We measure the sensitivity of our wholesale marketing, risk management, and trading mark-to-market energy contracts to potential changes in market prices using value at risk. Value at risk represents the potential pre-tax loss in the fair value of our wholesale marketing, risk management, and trading mark-to-market energy assets and liabilities over one and ten-day holding periods. We discuss value at risk in more detail in the Market Risk section of our 2006 Annual Report on Form 10-K.

        The table on the next page is the value at risk associated with our wholesale marketing, risk management, and trading operation's mark-to-market energy assets and liabilities, including both trading and non-trading activities.

        We discuss our mark-to-market results in more detail in the Competitive Supply section beginning on page 34.

52


 
  Quarter Ended
September 30, 2007


 
  (In millions)

99% Confidence Level,
One-Day Holding Period
     
  Average   $ 19.3
  High     26.8
95% Confidence Level, One-Day Holding Period      
  Average     14.7
  High     20.4
95% Confidence Level, Ten-Day Holding Period      
  Average     46.5
  High     64.6

        The following table details our value at risk for the trading portion of our wholesale marketing, risk management, and trading mark-to-market energy assets and liabilities over a one-day holding period at a 99% confidence level for the third quarter of 2007:

 
  Quarter Ended
September 30, 2007


 
  (In millions)

Average   $ 12.7
High     15.8

        Due to the inherent limitations of statistical measures such as value at risk and the seasonality of changes in market prices, the value at risk calculation may not reflect the full extent of our commodity price risk exposure.

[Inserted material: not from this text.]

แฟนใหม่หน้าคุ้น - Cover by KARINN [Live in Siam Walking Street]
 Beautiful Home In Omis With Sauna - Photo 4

Additionally, actual changes in the value of options may differ from the value at risk calculated using a linear approximation inherent in our calculation method. As a result, actual changes in the fair value of mark-to-market energy assets and liabilities could differ from the calculated value at risk, and such changes could have a material impact on our financial results.


Wholesale Credit Risk

We actively monitor the credit portfolio of our wholesale marketing, risk management, and trading operation to attempt to reduce the impact of counterparty default. As of September 30, 2007 and December 31, 2006, the credit portfolio of our wholesale marketing, risk management, and trading operation had the following public credit ratings:

 
  September 30,
2007

  December 31,
2006

 

 
Rating          
  Investment Grade1   46 % 61 %
  Non-Investment Grade   8   3  
  Not Rated   46   36  

1 Includes counterparties with an investment grade rating by at least one of the major credit rating agencies. If split rating exists, the lower rating is used.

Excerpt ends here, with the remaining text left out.